Requirement:
Please keep pictures out and return the lines below exactly, from the one holding "Groot did get" through the last, both included.

Given data:

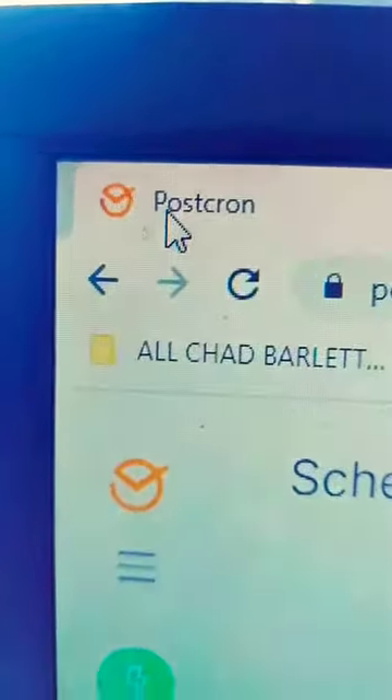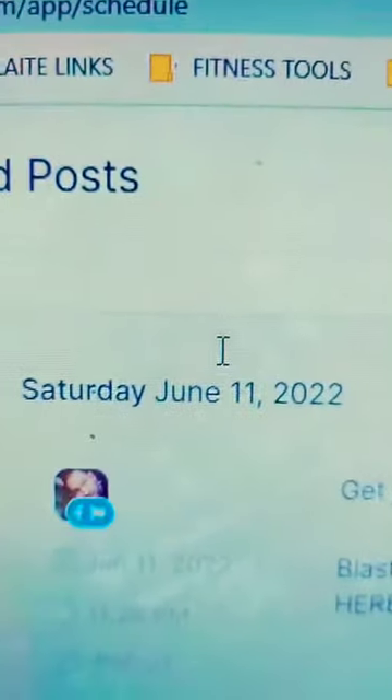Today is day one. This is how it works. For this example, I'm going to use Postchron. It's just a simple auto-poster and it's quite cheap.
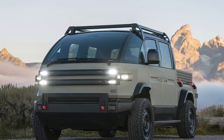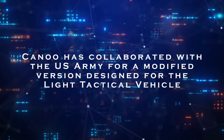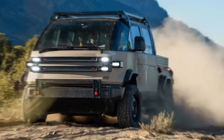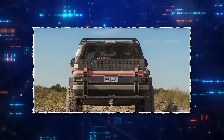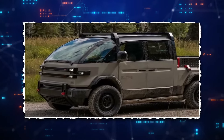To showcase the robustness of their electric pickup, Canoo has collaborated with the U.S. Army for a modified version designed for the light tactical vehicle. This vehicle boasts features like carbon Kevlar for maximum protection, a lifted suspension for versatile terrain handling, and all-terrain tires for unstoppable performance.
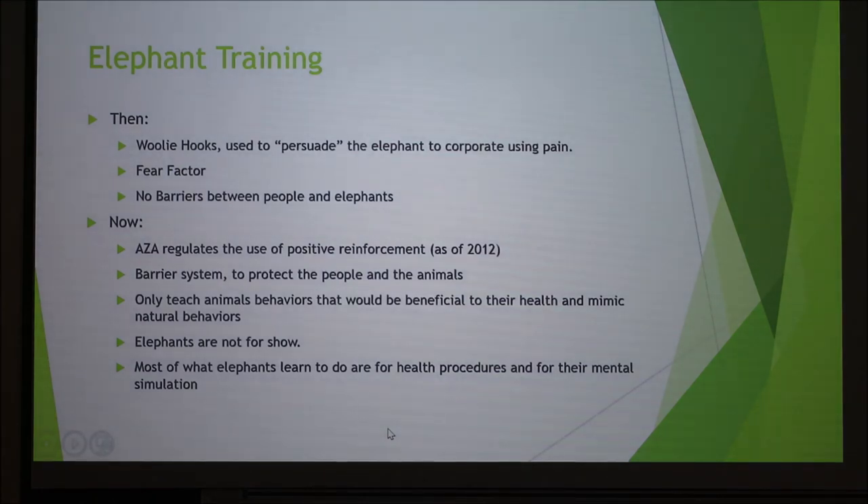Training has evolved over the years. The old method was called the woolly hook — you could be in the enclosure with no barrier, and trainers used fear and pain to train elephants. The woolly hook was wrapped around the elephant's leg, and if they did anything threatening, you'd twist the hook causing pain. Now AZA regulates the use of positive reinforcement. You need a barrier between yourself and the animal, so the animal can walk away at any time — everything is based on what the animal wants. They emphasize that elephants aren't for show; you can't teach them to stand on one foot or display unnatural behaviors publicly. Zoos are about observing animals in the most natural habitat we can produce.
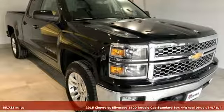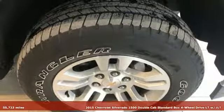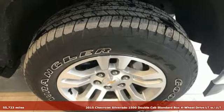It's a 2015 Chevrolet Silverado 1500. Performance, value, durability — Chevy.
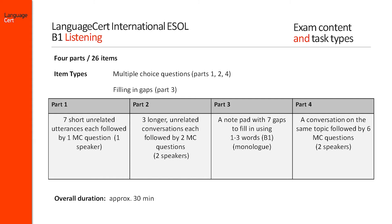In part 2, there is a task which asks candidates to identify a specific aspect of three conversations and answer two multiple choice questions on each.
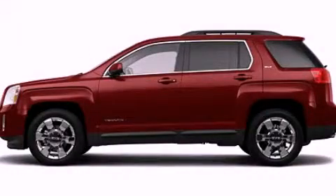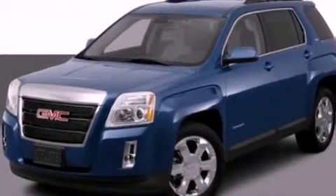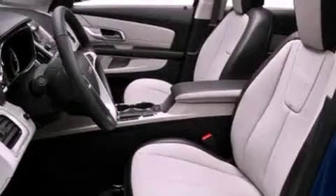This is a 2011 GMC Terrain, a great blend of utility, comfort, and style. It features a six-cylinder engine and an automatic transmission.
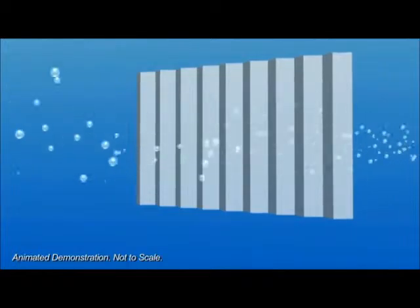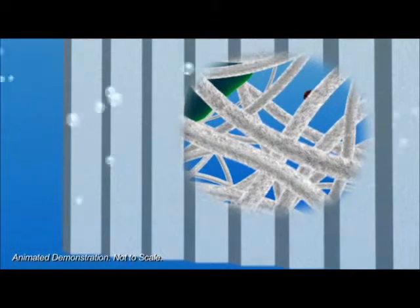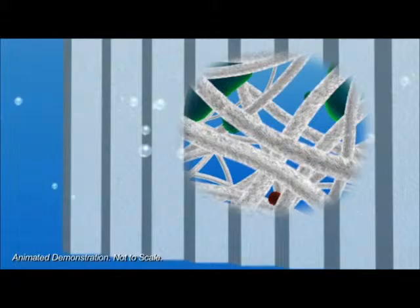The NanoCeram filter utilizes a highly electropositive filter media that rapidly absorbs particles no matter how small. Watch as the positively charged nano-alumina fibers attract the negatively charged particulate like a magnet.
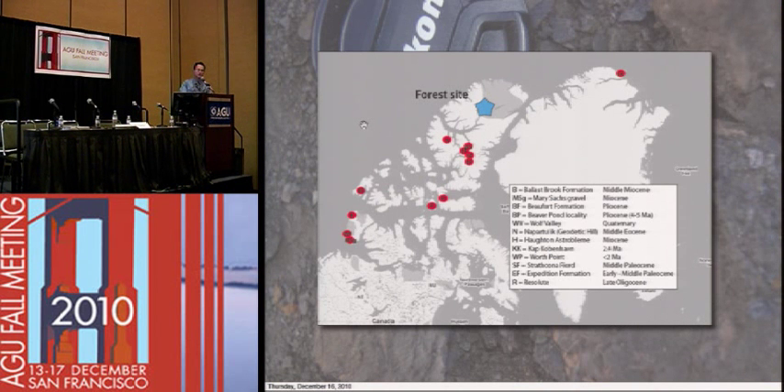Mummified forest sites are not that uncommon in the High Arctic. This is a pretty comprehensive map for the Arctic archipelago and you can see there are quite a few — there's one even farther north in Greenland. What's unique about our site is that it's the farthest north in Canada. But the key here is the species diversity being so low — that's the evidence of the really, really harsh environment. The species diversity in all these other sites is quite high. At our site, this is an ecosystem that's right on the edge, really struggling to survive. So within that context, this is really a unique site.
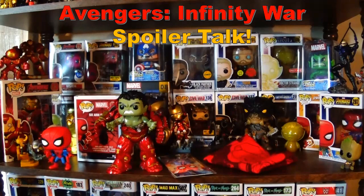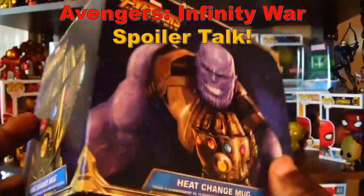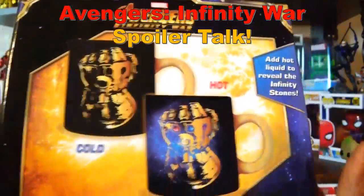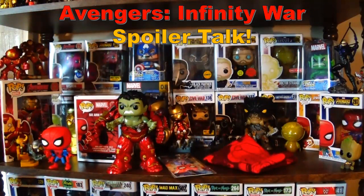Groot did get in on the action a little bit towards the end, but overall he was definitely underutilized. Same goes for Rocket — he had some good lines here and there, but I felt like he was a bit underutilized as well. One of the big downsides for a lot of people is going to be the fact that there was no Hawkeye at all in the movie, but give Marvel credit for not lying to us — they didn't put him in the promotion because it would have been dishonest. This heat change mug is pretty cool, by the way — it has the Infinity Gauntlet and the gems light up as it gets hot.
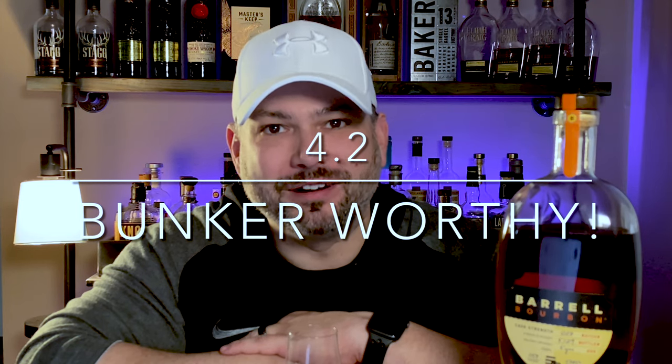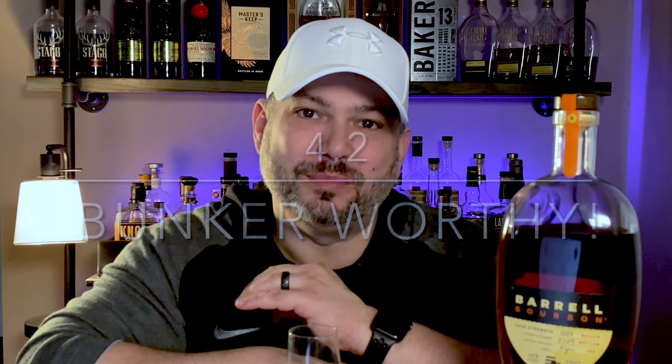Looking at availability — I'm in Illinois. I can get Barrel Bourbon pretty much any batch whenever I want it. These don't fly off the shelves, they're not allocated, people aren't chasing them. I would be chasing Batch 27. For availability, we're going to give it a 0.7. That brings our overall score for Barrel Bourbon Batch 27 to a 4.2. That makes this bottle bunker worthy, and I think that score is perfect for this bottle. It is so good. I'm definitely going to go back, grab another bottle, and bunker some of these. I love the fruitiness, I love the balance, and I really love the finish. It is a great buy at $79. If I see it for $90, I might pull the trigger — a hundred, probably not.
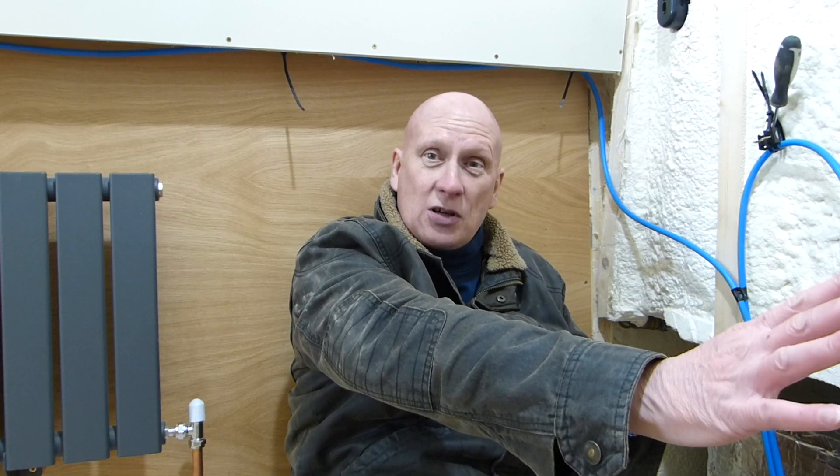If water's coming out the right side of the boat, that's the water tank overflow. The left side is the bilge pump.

Answer section:
Groot did get in on the action a little bit towards the end, but overall he was definitely underutilized. Same goes for Rocket — he had some good lines here and there, but I felt like he was a bit underutilized as well. One of the big downsides for a lot of people is going to be the fact that there was no Hawkeye at all in the movie, but give Marvel credit for not lying to us — they didn't put him in the promotion because it would have been dishonest. This heat change mug is pretty cool, by the way — it has the Infinity Gauntlet and the gems light up as it gets hot.
Looking at availability — I'm in Illinois. I can get Barrel Bourbon pretty much any batch whenever I want it. These don't fly off the shelves, they're not allocated, people aren't chasing them. I would be chasing Batch 27. For availability, we're going to give it a 0.7. That brings our overall score for Barrel Bourbon Batch 27 to a 4.2. That makes this bottle bunker worthy, and I think that score is perfect for this bottle. It is so good. I'm definitely going to go back, grab another bottle, and bunker some of these. I love the fruitiness, I love the balance, and I really love the finish. It is a great buy at $79. If I see it for $90, I might pull the trigger — a hundred, probably not.
If water's coming out the right side of the boat, that's the water tank overflow. The left side is the bilge pump.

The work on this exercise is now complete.